Of course being an old fart who remembers the glorious days of a multitude of choices not only in joysticks but also flight sims, Thrustmaster has always been a wishlist favorite.

The Hotas Cougar is a joystick thruster combo that is reportedly used by the US Air Force. It doesn't really get any better than that. Heavy and feels like the real thing, but at $229 the joystick combo isn't cheap and doesn't seem to get good reviews from users on websites like Newegg. Finally, there is no force feedback, something needed in for full immersion.

Why talk about joysticks? Well I downloaded Wings of Prey last night and a quick spin was 'challenging' trying to use my Logitech Wingman, which has collected dust under my desk and in moving boxes for about four years.

I've been meaning to get back into flight sims. I own the latest Falcon game, Microsofts Flight Sim as well as a few classics, but they require so much time to not only become proficient enough to make the game fun, but get anywhere in the missions.

The smart thing to do would be to buy an inexpensive joystick, say under $50 and see if I spend anytime in the cockpit before investing hundreds of dollars.

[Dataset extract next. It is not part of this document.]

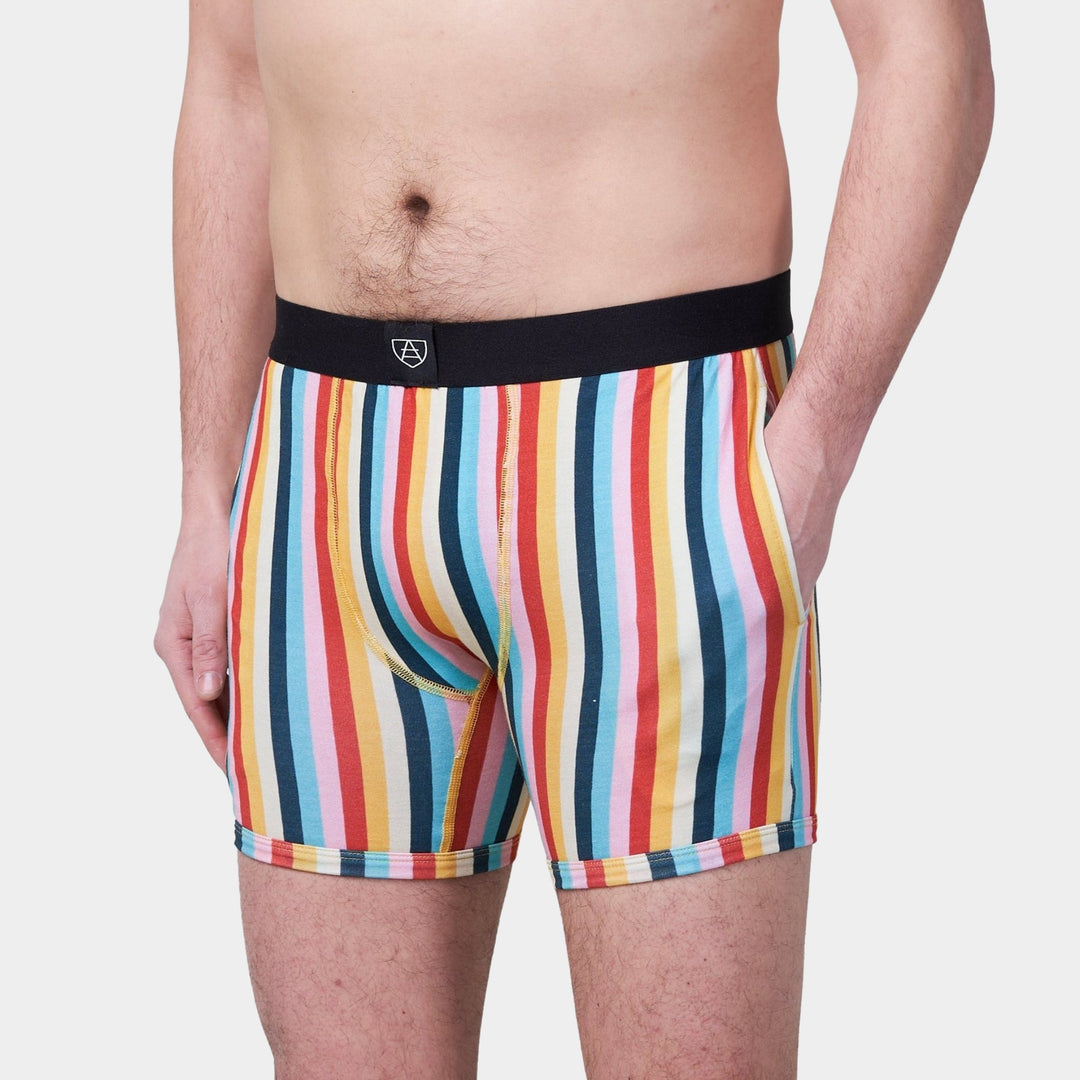 Felix's gender-neutral boxers - Paxsies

But since when have gamers done anything smart?

Guitars, blood and gore
Now that the gaming industry has released the sales numbers for 2009, predictions and analysis are pouring in. In a report on Gamespot a few items were touched on;

-You know that wing of Best Buy that's dominated by 'Rock Band', 'Rock Guitar' and every other alliteration? That could be going away the way of the Wii. It appears consumer interest isn't ongoing enough to support it.

-Blood sells. While other categories may have floundered, the games labelled M for Mature managed to M as in move, right off the shelves.

-Just because a roman numeral appears behind a title doesn't mean it will sell, developers need to put thought, effort and heres a novel concept, originality into new titles.

Like most people, my encounter with Rock Band came during a party after a few drinks. The experience didn't leave me with the yearning to buy a console to play it at home. Nope that honor stays with Gears of War, and thankfully it eventually came out on PC.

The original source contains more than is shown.